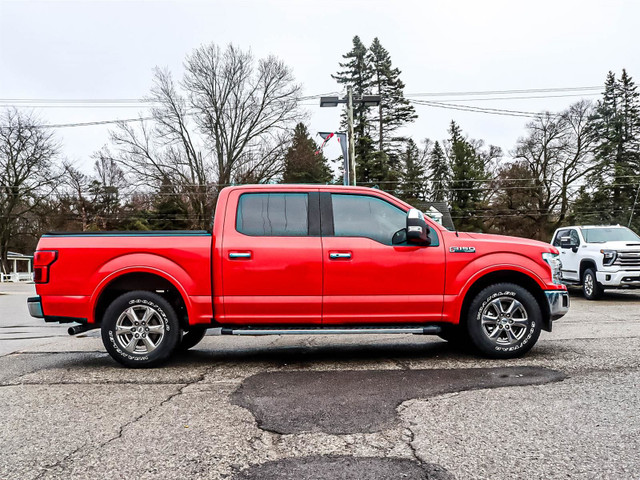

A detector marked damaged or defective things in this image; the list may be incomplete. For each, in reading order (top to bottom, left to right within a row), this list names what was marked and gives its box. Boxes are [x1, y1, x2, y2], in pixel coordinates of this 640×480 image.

pothole in pavement [230, 368, 564, 436]
pothole in pavement [231, 456, 456, 478]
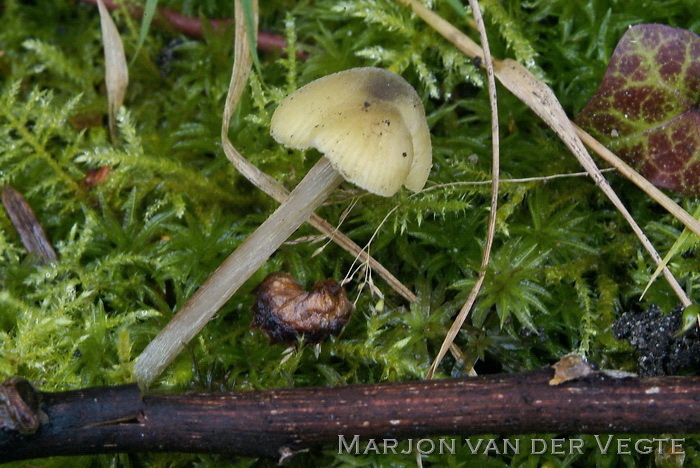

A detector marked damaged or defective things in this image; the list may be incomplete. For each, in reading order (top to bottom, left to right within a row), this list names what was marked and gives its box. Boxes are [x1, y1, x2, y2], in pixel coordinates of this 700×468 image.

black charred lump [250, 272, 356, 346]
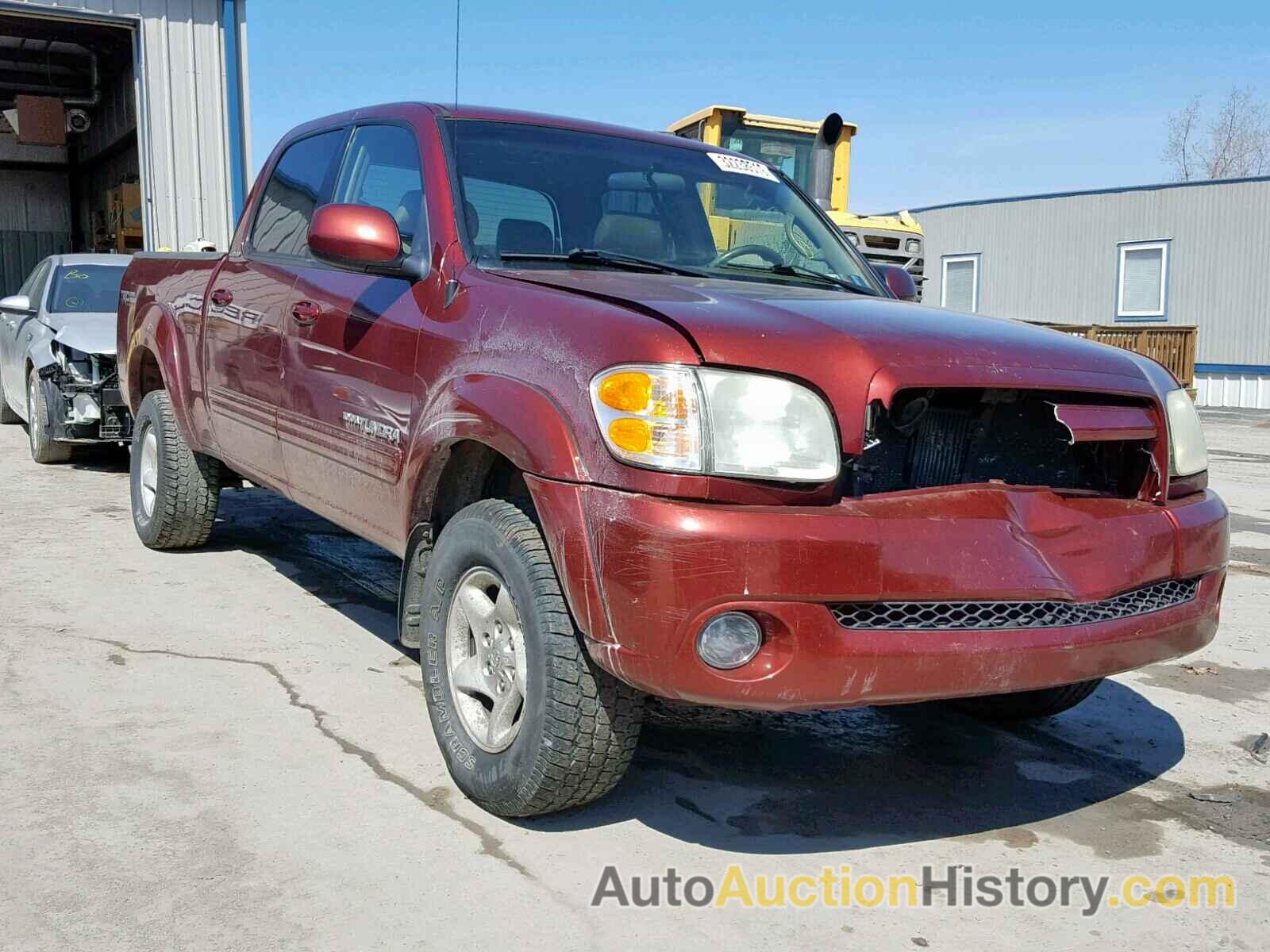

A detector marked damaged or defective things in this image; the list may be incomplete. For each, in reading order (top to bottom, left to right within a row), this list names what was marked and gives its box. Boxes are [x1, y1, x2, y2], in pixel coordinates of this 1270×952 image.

damaged white car [0, 254, 133, 462]
damaged front bumper [37, 355, 133, 447]
damaged front bumper [525, 479, 1229, 711]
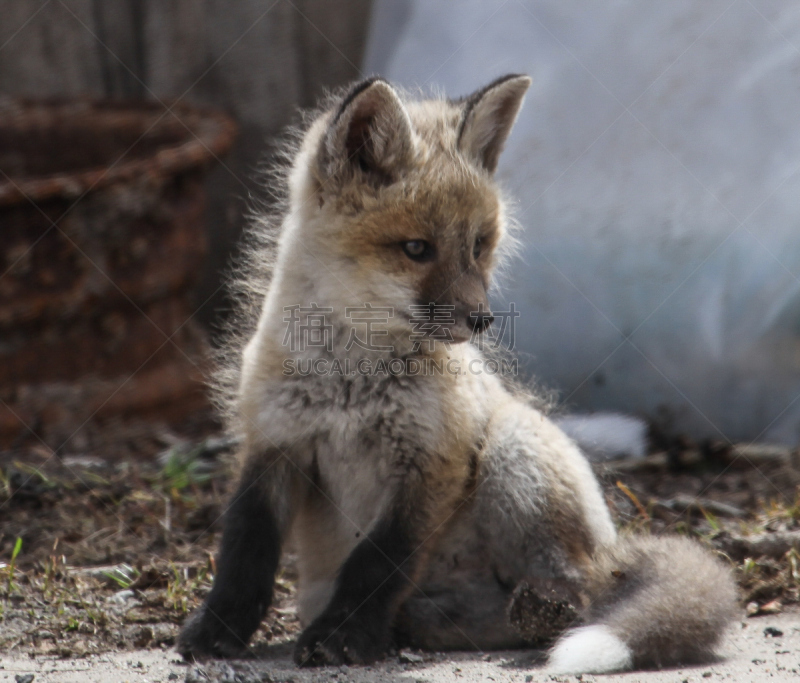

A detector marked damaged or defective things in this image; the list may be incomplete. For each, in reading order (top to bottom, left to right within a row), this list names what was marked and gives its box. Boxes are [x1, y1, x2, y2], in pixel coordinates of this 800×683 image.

rusted metal rim [0, 97, 238, 207]
rusty metal planter [0, 97, 238, 448]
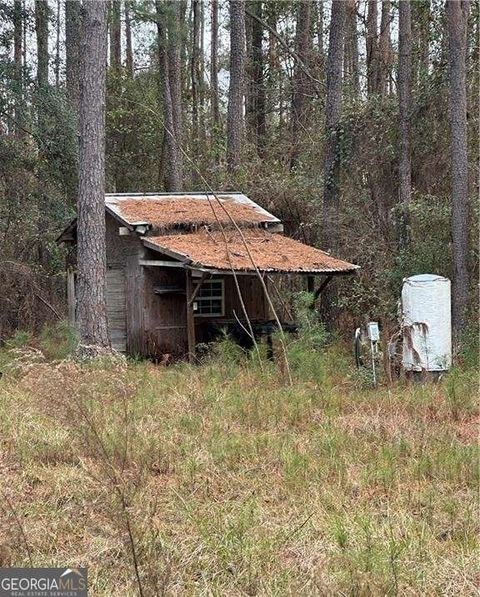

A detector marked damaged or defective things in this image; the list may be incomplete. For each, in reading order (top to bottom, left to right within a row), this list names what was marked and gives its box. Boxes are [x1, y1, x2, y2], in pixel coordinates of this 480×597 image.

rusty metal roof [104, 192, 278, 229]
rusty metal roof [143, 228, 360, 274]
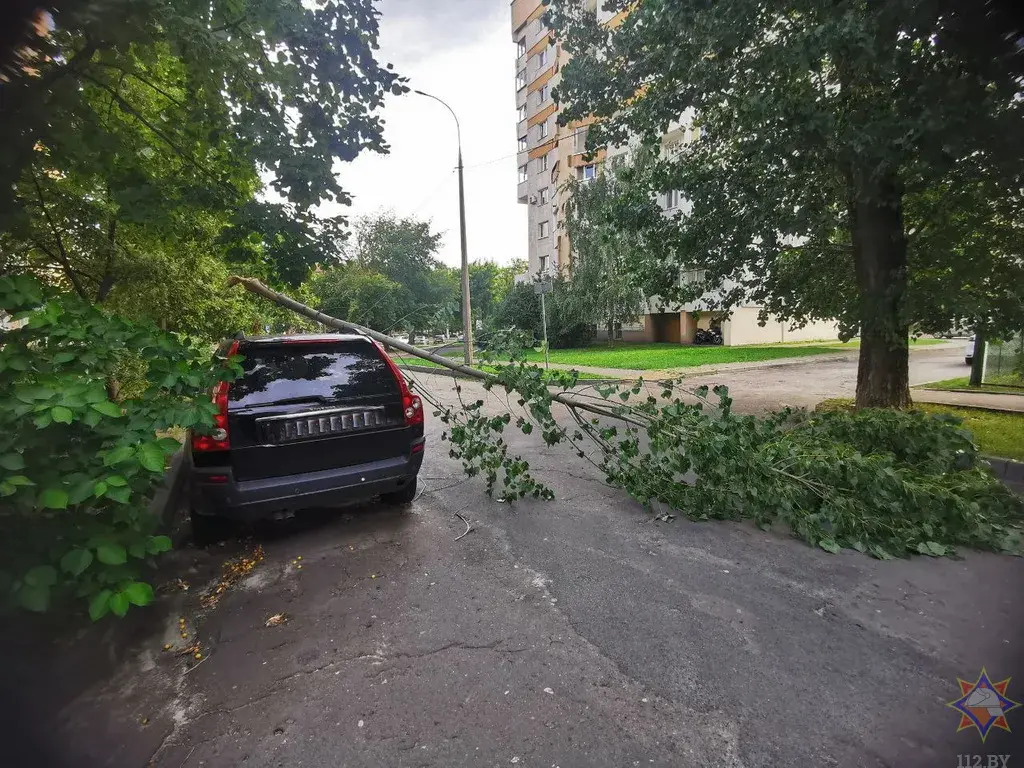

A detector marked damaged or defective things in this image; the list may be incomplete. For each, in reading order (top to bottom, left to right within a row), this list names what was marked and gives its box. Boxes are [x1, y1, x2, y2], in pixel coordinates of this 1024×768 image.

cracked asphalt [9, 368, 1024, 768]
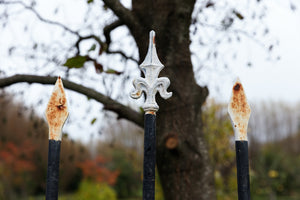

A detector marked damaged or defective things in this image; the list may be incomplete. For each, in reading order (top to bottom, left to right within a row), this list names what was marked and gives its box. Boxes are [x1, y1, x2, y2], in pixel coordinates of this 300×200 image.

rusty metal point [131, 30, 172, 113]
chipped rust spot [45, 76, 68, 141]
rusted spear tip [45, 76, 69, 141]
rusty metal point [45, 76, 69, 141]
peeling paint [45, 76, 69, 141]
rusted spear tip [227, 77, 251, 141]
rusty metal point [229, 78, 250, 141]
peeling paint [229, 78, 250, 141]
chipped rust spot [229, 79, 250, 141]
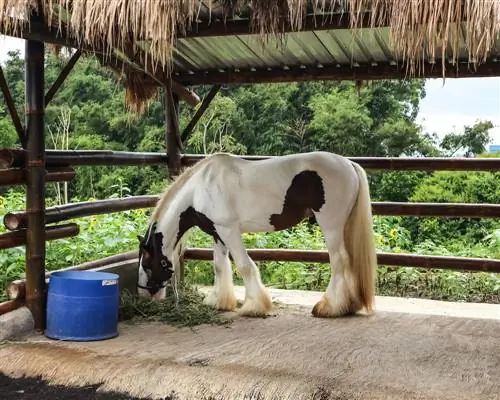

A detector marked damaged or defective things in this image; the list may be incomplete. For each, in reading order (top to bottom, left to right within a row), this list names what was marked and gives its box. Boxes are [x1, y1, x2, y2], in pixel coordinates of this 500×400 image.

rusty metal pole [24, 32, 46, 330]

TASK ▸ What is needed here is each line above set down word for word, minus the images.

ANSWER TO THIS EXERCISE ▸
A detector marked damaged or defective things in this image; the list may be incomplete. For each, in reading order (top to bottom, left to right within a row), this list names what was marked and gives its box. Boxes are [x1, y1, x2, y2], in pixel coordinates of this 640×480 image.

pothole in pavement [230, 368, 564, 436]
pothole in pavement [231, 456, 456, 478]

A detector marked damaged or defective things in this image; the list may be incomplete. For each, in reading order (top to bottom, left to right within a row), this list names what was marked and gives its box. Boxes are [x1, y1, x2, y2], in pixel coordinates of this 700×468 image.

black charred lump [250, 272, 356, 346]

A detector marked damaged or defective things in this image; the list may be incomplete. For each, in reading order (top to bottom, left to right within a row), this list names what was marked and gives its box. Boxes are [x1, y1, x2, y2], in pixel coordinates of this 1270×952 image.

damaged white car [0, 254, 133, 462]
damaged front bumper [37, 355, 133, 447]
damaged front bumper [525, 479, 1229, 711]

A detector marked damaged or defective things in this image; the list may be incomplete. For each, in reading order (top to bottom, left to right within a row), this list names what was marked and gives its box. Boxes are [x1, y1, x2, y2], in pixel coordinates of this 800×683 image.

rusted metal rim [0, 97, 238, 207]
rusty metal planter [0, 97, 238, 448]

A detector marked damaged or defective things in this image; the list may be incomplete. For each, in reading order (top to bottom, left to right within a row), this list names what was marked and gives its box. Boxes are [x1, y1, x2, y2], in pixel coordinates of this 480×597 image.

rusty metal roof [104, 192, 278, 229]
rusty metal roof [143, 228, 360, 274]

A detector marked damaged or defective things in this image; the list may be incomplete. For each, in reading order (top to bottom, left to right within a row), this list names what was marked and gives its box. Boxes are [x1, y1, x2, y2], in pixel coordinates of this 1024×768 image.

cracked asphalt [9, 368, 1024, 768]

A detector marked damaged or defective things in this image; the list may be incomplete. For each, in reading order (top to bottom, left to right within a row), this list names what was marked and gives its box. Boxes are [x1, y1, x2, y2], in pixel coordinates of this 300×200 image.

rusty metal point [131, 30, 172, 113]
chipped rust spot [45, 76, 68, 141]
rusted spear tip [45, 76, 69, 141]
rusty metal point [45, 76, 69, 141]
peeling paint [45, 76, 69, 141]
rusted spear tip [227, 77, 251, 141]
rusty metal point [229, 78, 250, 141]
peeling paint [229, 78, 250, 141]
chipped rust spot [229, 79, 250, 141]

A detector marked damaged or defective things in this image; the list may be incomplete. For each, in reading order (top to bottom, left to right within a row), this list names what was marked and gives its box. Boxes are [x1, y1, x2, y2], in pixel coordinates of this 500×400 image.

rusty metal pole [24, 32, 46, 330]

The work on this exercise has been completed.